Updated

Outrage has greeted plans by Pope John Paul II’s would-be assassin to sign multi-million-dollar book and film deals after his release from prison this month.

But in a handwritten letter sent to The Sunday Times, the Turkish gunman Mehmet Ali Agca insisted this weekend that there was "great interest from Japan to Canada" in film and television documentary projects.

Almost three decades after he shot the Polish Pope in St Peter’s Square, Rome, in 1981, it remains a mystery whether he acted alone or was part of a Soviet-led plot to eliminate a threat to communist rule in eastern Europe.

Agca, 52 yesterday, is due to be released on January 18, according to Haci Ali Ozhan, his lawyer.
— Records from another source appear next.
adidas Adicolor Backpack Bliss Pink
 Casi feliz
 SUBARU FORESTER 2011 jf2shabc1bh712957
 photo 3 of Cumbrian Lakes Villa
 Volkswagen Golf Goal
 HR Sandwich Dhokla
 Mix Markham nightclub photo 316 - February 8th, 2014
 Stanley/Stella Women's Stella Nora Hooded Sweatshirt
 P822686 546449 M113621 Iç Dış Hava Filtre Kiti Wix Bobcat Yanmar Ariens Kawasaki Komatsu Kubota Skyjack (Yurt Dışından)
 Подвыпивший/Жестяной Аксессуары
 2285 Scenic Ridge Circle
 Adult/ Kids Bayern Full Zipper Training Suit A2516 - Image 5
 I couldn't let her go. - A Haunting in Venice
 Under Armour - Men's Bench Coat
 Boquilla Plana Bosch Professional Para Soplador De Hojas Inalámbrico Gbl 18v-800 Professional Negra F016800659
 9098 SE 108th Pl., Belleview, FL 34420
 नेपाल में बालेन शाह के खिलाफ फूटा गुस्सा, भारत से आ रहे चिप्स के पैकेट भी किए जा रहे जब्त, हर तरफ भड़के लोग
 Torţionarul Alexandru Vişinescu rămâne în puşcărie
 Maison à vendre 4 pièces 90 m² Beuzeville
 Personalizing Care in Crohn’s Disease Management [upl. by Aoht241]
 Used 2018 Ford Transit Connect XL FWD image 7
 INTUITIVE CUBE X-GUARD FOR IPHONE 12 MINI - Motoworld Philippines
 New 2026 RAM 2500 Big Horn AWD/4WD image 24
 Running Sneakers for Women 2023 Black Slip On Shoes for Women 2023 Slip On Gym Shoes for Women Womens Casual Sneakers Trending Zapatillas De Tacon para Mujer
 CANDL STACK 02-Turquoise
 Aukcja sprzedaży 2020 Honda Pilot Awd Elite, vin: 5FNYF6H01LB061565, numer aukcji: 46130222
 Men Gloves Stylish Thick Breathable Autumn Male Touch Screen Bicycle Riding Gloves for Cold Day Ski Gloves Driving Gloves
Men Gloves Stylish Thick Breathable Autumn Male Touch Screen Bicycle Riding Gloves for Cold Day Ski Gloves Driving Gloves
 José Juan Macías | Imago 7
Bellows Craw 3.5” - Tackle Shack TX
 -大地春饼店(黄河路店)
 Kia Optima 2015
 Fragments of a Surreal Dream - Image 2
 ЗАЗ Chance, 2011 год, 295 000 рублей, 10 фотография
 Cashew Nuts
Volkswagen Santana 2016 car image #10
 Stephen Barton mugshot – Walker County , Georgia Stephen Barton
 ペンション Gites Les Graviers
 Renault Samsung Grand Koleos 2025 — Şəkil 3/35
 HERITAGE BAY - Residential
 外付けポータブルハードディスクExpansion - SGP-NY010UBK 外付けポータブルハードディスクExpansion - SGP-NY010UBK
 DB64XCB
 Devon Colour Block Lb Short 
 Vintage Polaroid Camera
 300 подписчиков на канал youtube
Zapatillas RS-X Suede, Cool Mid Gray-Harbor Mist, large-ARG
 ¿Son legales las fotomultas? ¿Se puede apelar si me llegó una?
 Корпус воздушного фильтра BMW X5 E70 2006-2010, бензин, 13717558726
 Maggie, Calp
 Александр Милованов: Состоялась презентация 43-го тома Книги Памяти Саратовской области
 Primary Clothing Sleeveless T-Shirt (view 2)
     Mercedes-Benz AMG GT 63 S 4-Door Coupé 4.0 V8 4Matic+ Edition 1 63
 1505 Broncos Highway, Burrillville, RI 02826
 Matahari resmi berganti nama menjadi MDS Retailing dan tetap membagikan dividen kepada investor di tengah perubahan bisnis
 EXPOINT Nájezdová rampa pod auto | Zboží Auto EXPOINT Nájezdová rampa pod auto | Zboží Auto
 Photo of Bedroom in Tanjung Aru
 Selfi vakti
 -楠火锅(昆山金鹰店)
He has been held in Turkey since 2000 when Italy pardoned and extradited him. He had been convicted of murdering Abdi Ipekci, a Turkish journalist, two years before he shot John Paul but escaped from jail.

Agca, who described himself in his letter as “sane and strong both physically and psychologically,” has reportedly sought $2 million for an exclusive television interview and $5 million for two books, including his autobiography. He has also written to Dan Brown, the author of the bestselling The Da Vinci Code, about a book entitled The Vatican Code, to be followed by a film.

“My plan is to proclaim the end of the world and to write the PERFECT GOSPEL [sic] ... I will proclaim the Perfect Christianity that Vatican [sic] has never understood,” Agca wrote in the letter to Brown. He did not say whether he would speak about the shooting of John Paul.

Arrested just after the shooting, Agca at first named three Bulgarians as his accomplices, saying he had been paid $1.2 million. But at their trial he declared himself Jesus Christ and they were acquitted.